A method for execution by a dispersed storage and task (DST) client module includes obtaining a data identifier for slice location identification. A source name corresponding to the data identifier is identified. A plurality of data segments are identified based on the source name. A set of slice names are generated for each of the plurality of data segments. A set of DST execution units are identified based on the sets of slice names. A set of query requests are generated for each data segment for transmission to the set of DST execution units. Query responses are received from the set of DST execution units. A storage record is generated that includes storage location information of the query responses. Migration of at least some encoded data slices associated with the sets of slice names is facilitated when the storage record compares unfavorably to a storage record requirement.
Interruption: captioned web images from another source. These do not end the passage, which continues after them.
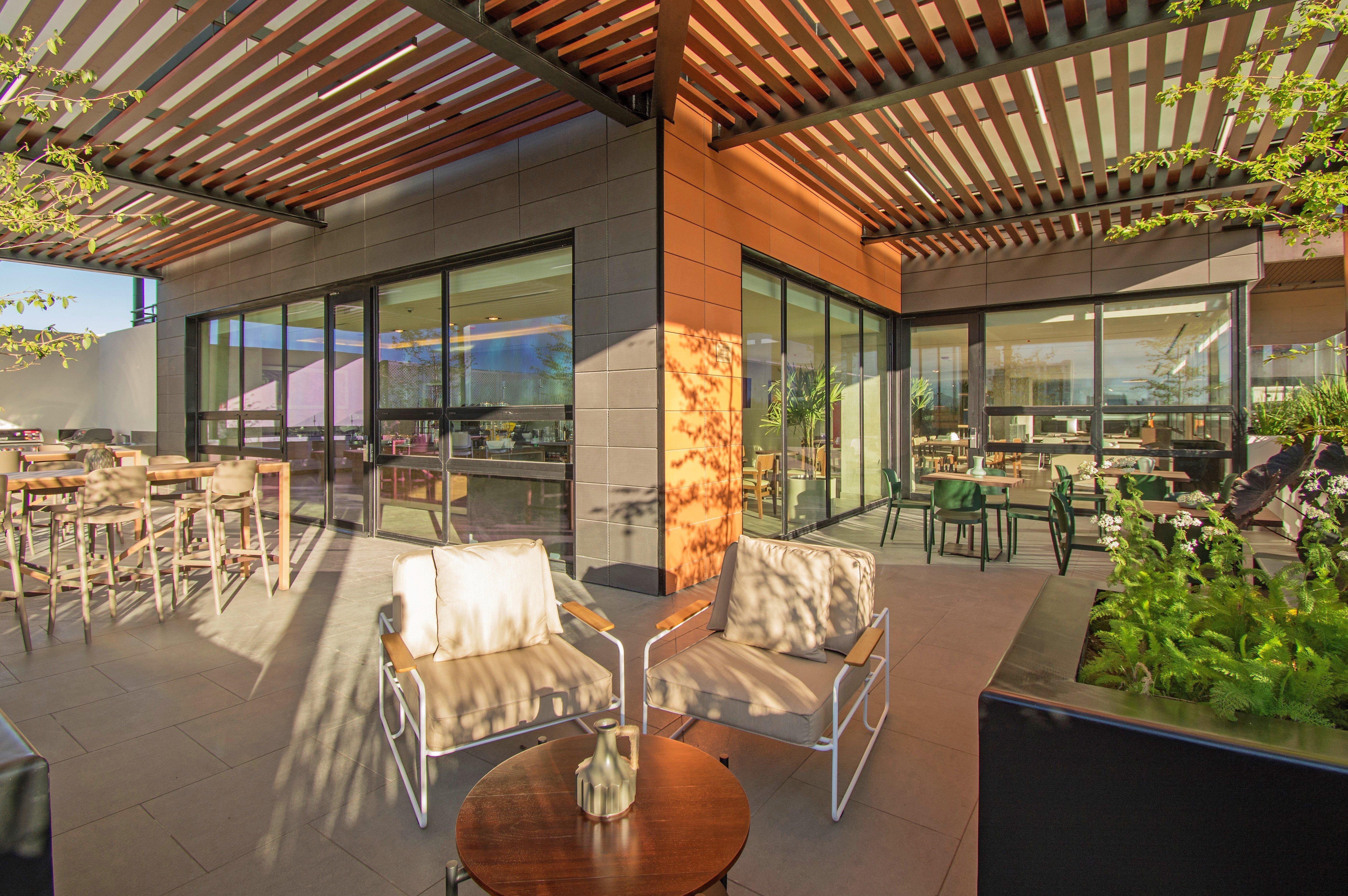 Staybridge Suites - Guadalajara Novena By Ihg Zewnętrze zdjęcie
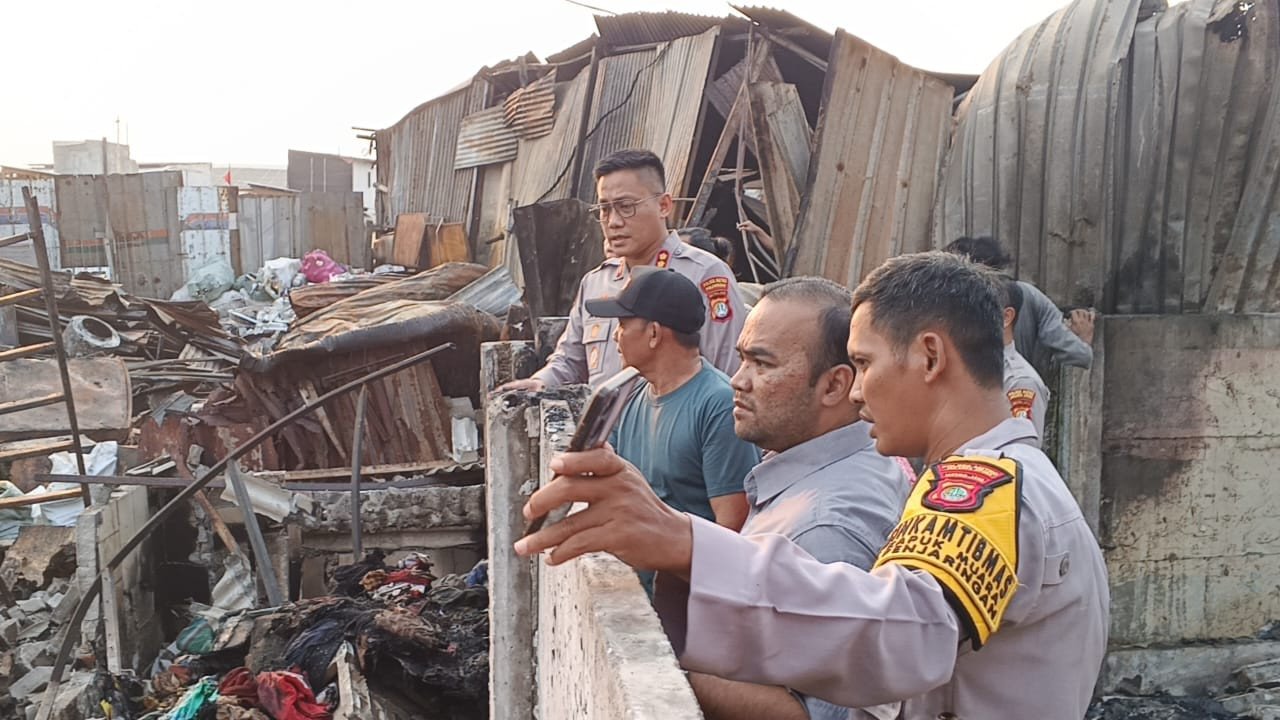 Korban Kebakaran di Kawasan Rawa Indah Terima Bantuan Polisi, Kapolsek Turun Langsung Temui Warga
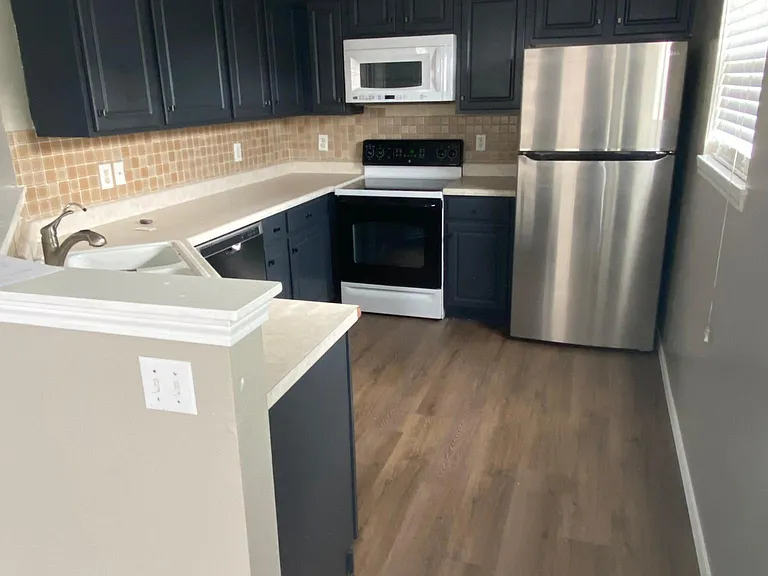 782 W Juniper Ln — Photo 4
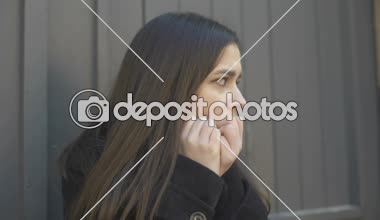 Kız aniden duygu korku sokak, zihinsel hastalıklarda kontrolsüz saldırı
The present U.S. Utility patent application claims priority pursuant to 35 U.S.C. § 120 as a continuation-in-part of U.S. Utility application Ser. No. 15/442,273, entitled “ROBUST RECEPTION OF DATA UTILIZING ENCODED DATA SLICES”, filed Feb. 24, 2017, which is a continuation of U.S. Utility application Ser. No. 13/959,262, entitled “ROBUST RECEPTION OF DATA UTILIZING ENCODED DATA SLICES”, filed Aug. 5, 2013, issued as U.S. Pat. No. 9,667,701 on May 30, 2017, which claims priority pursuant to 35 U.S.C. § 119(e) to U.S. Provisional Application No. 61/711,106, entitled “PRIORITIZING TASKS IN A DISTRIBUTED STORAGE AND TASK NETWORK”, filed Oct. 8, 2012, all of which are hereby incorporated herein by reference in their entirety and made part of the present U.S. Utility patent application for all purposes.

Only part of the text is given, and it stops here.